Many companies have moved back into company cars from cash allowance because of the risks.

This is particularly true of a sales force, who may be off premises from one week to the next.

“You may never see the car, so you wouldn’t know whether the tyres are road legal, whether it’s got an MOT certificate, if the driving licence is valid, how many points they have,” says Mark Morton.

“Where there is a fleet provider, they might do a lot of those checks and balances for you but if you provide cash, you’re going to have to manage that at employer level.”


Salary sacrifice

With salary sacrifice, the driver sacrifices a monthly amount from their wage to pay for a car. The sum is deducted before tax and covers the car, maintenance, insurance, administration - in fact, everything except fuel, for which they put in a claim if they do business mileage. The employee pays lower income tax and national insurance contributions (NIC) on the remaining salary and pays BIK on the car.

The cost savings to the company are lower NICs because they are based on the value of the vehicle rather than on income tax.

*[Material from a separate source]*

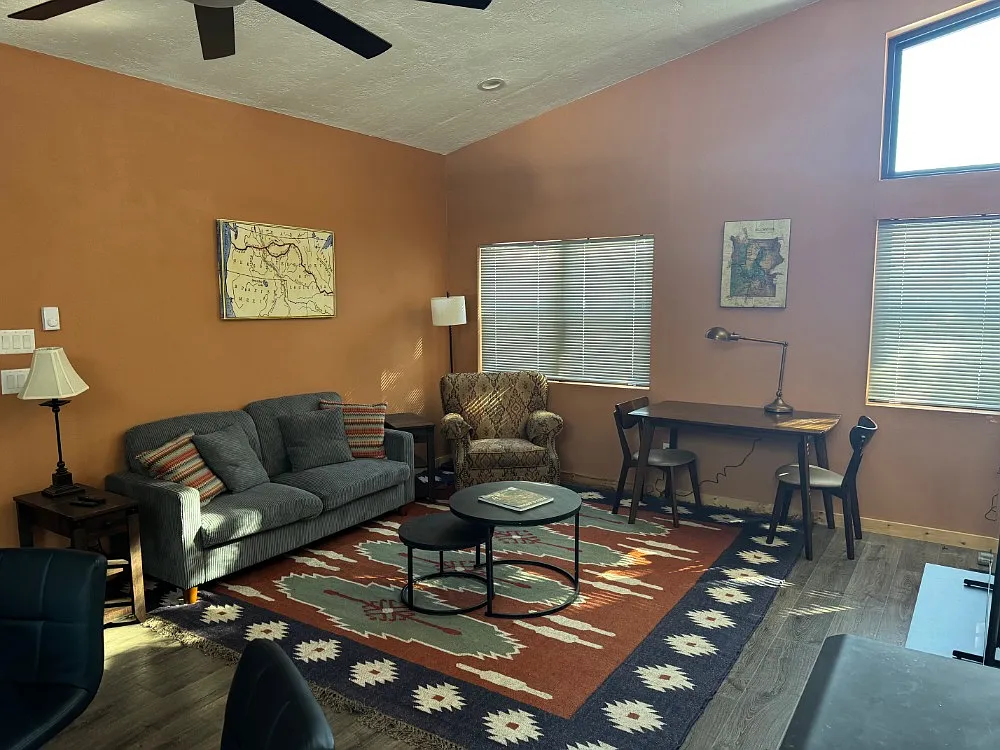 87 Pine Hollow Ct — Photo 2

While an employee is liable for benefit-in-kind tax, this amount is almost always outweighed by the tax and NIC savings they’ve achieved through sacrificing their salary,”  says Iain Carmichael, chief commercial officer at Tusker.

Employers can save approximately £300 in NIC per car per year, while employees can save an average of £900 a year in tax and NIC, he adds.

Fleets can put a CO2 cap on purchases to shore up their environmental credentials. 

Carmichael says salary sacrifice schemes are seen as a valued employee benefit which the employer can use as a way to attract, retain and motivate staff.

“It’s also a useful approach to managing the grey fleet through providing services such as driving licence checks, full maintenance of vehicles and insurance,” he says.

In addition, salary sacrifice is generally of no cost to the employer.

For the employee, there can be considerable savings over the cost of buying the same car from a dealership: “Lease companies are passing on corporate discounts and levels of manufacturer support that you and I, as individuals, would not ordinarily get. Savings can be as much as £1,000 a year,” says Mark Morton.

It is also a tremendous draw when it comes to retention and recruitment. Ernst & Young moved to salary sacrifice for all staff two years ago. “It has gone down very well,” he says. “Take-up has been lower than ideal, I think, because of the economic situation but before, only staff over a certain grade could have a car, now, anyone can have one.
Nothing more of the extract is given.